**About this exercise:**
All of the data should be copied exactly, with the pictures left out.

----- Dataset extract

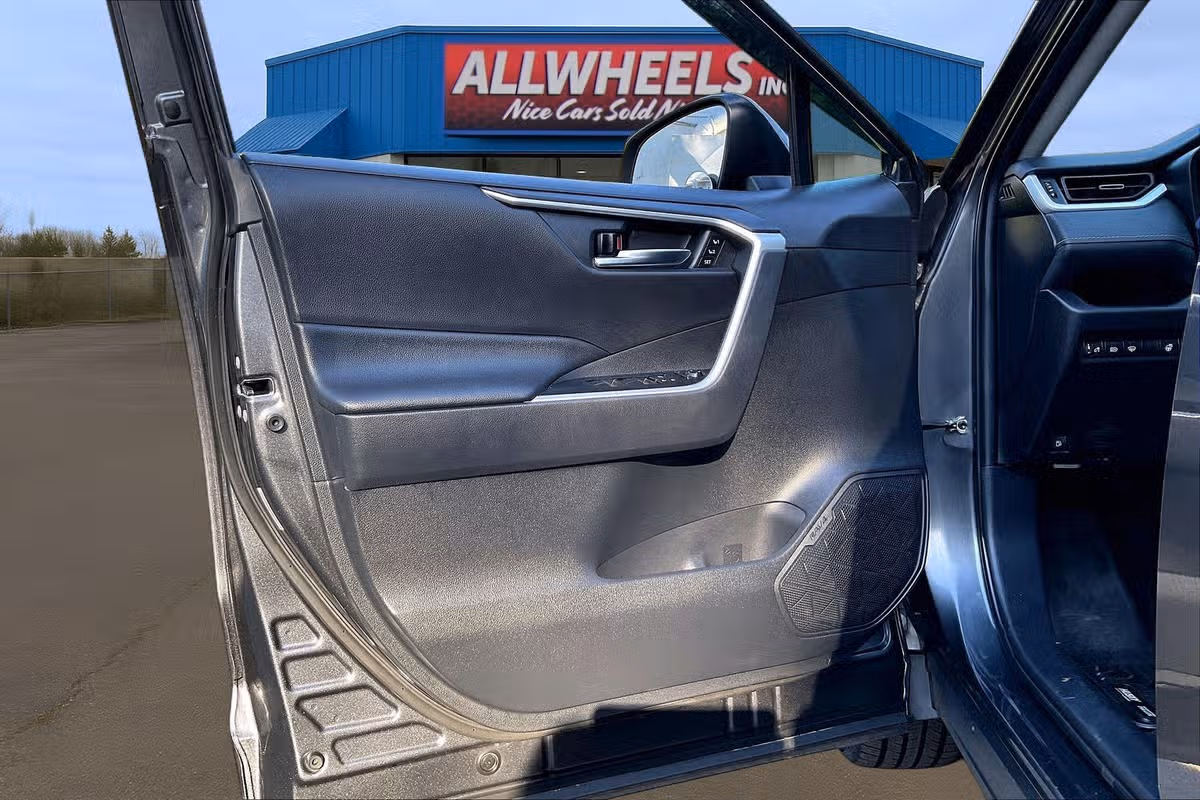 2021 Toyota RAV4 Hybrid XLE Premium Image 22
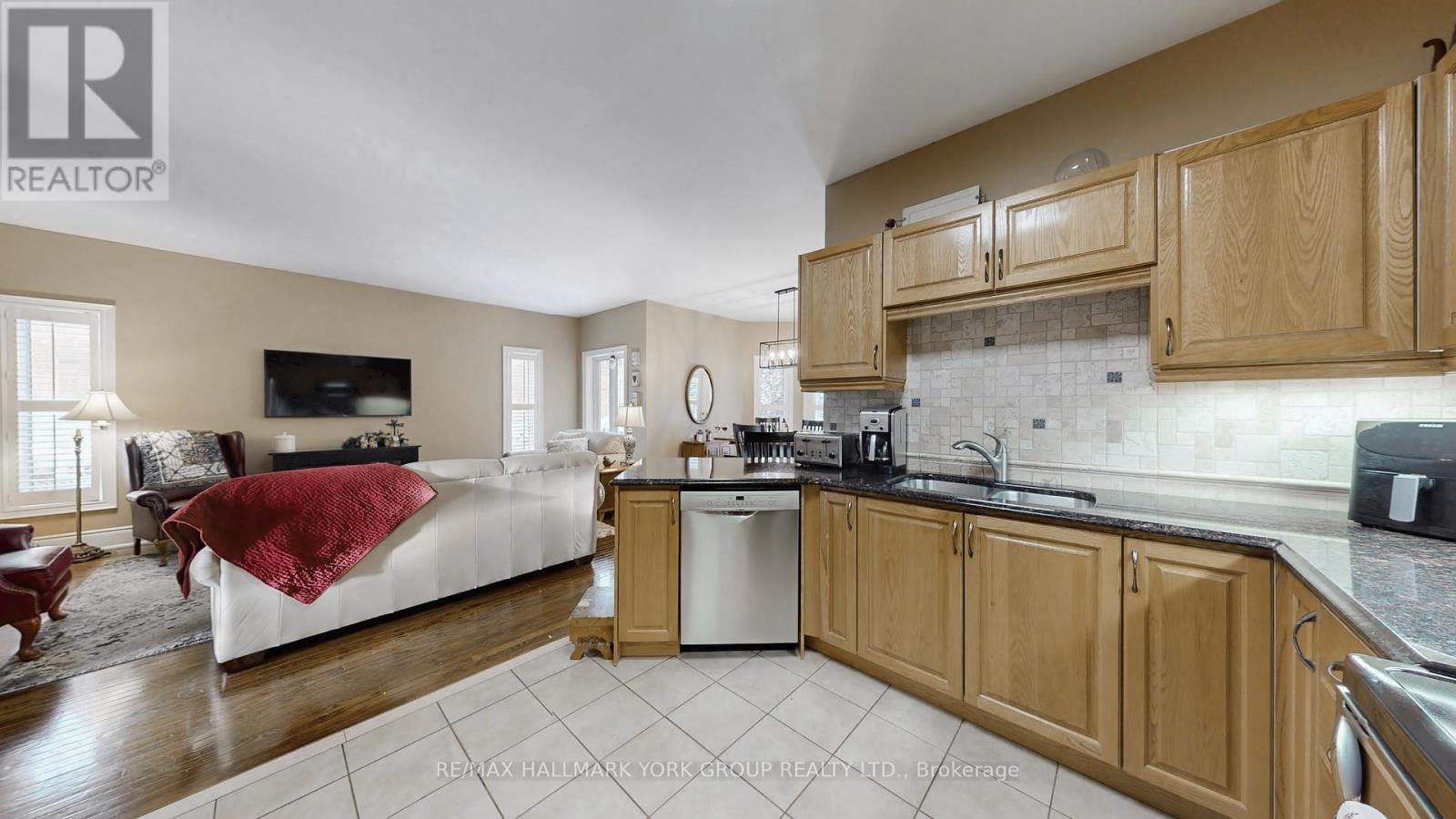 1035 Northern Prospect Crescent, Newmarket, ON - Indoor Photo Showing Kitchen
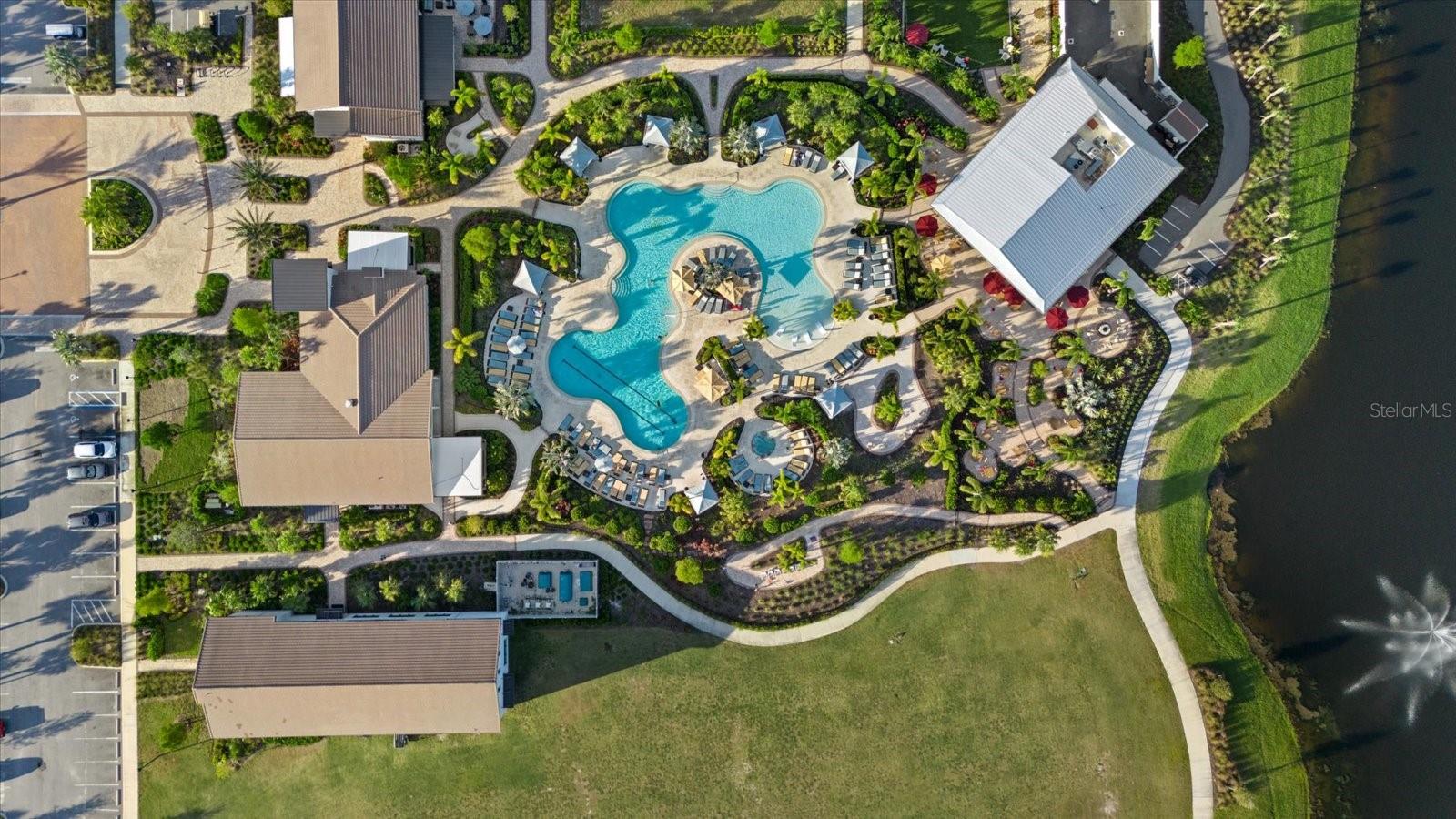 Image 29 of 79 For 17713 Crescent Moon Loop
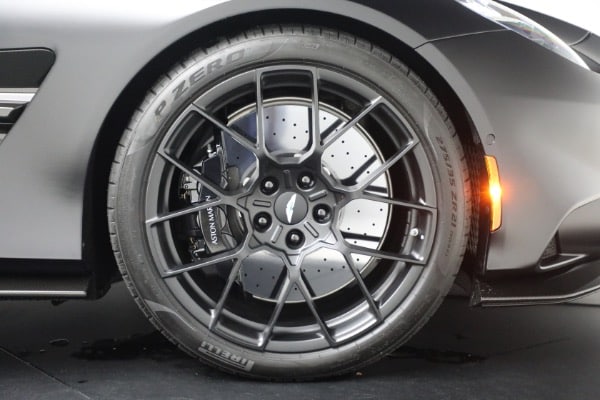 2025 Aston Martin Vanquish Base - Photo 14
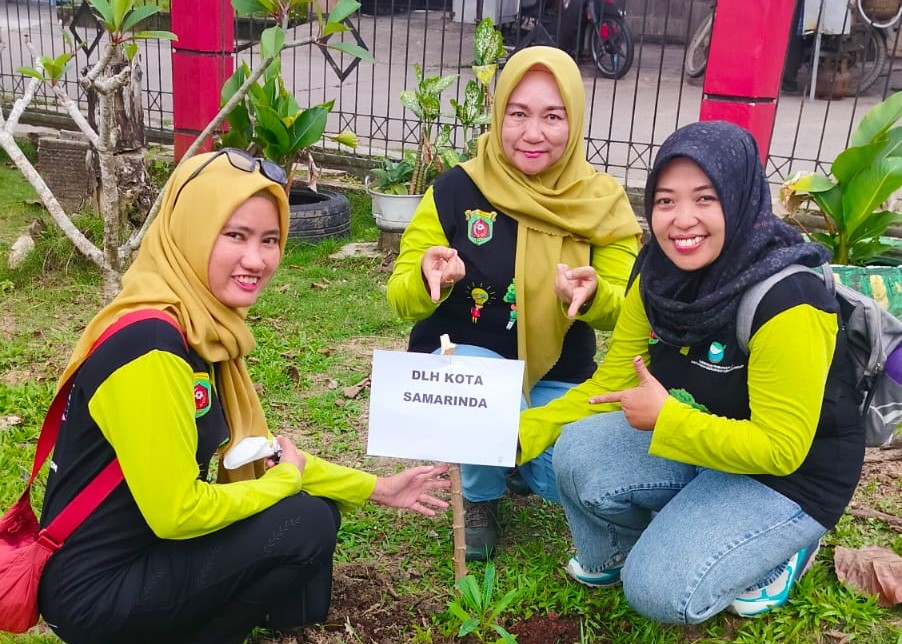 Kabid Penaatan dan Peningkatan Kapasitas Lingkungan Hidup  DLH Samarinda Hadiri Jalan Santai dan Penanaman Pohon di SMP 29 Samarinda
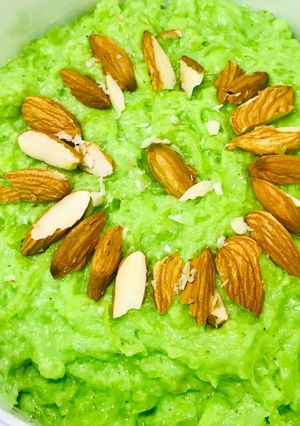 A picture of Bottle gourd /lauki halwa.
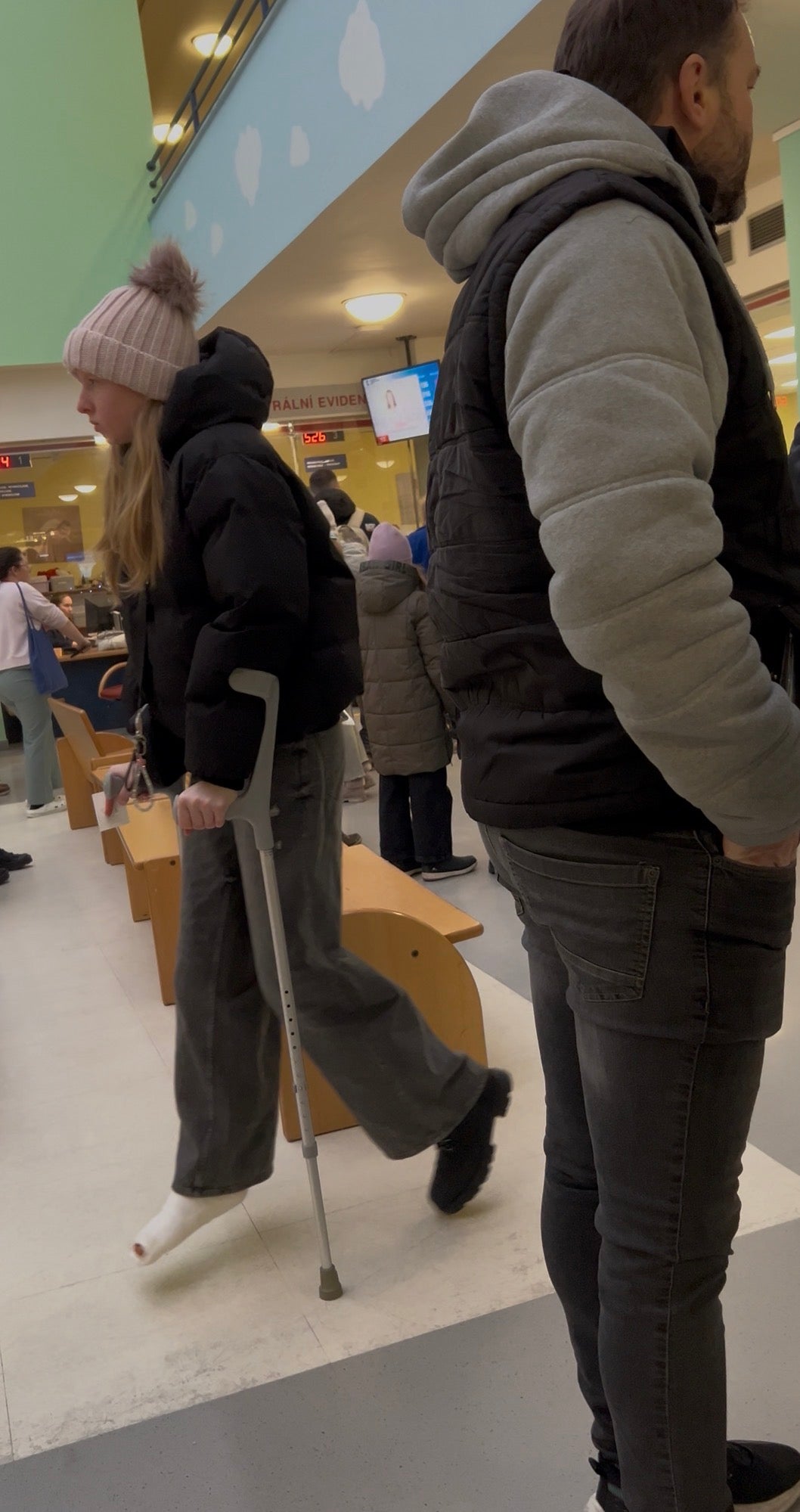 Girl slc crutches ( video )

----------

**Written answer:**
 2021 Toyota RAV4 Hybrid XLE Premium Image 22
 1035 Northern Prospect Crescent, Newmarket, ON - Indoor Photo Showing Kitchen
 Image 29 of 79 For 17713 Crescent Moon Loop
 2025 Aston Martin Vanquish Base - Photo 14
 Kabid Penaatan dan Peningkatan Kapasitas Lingkungan Hidup  DLH Samarinda Hadiri Jalan Santai dan Penanaman Pohon di SMP 29 Samarinda
 A picture of Bottle gourd /lauki halwa.
 Girl slc crutches ( video )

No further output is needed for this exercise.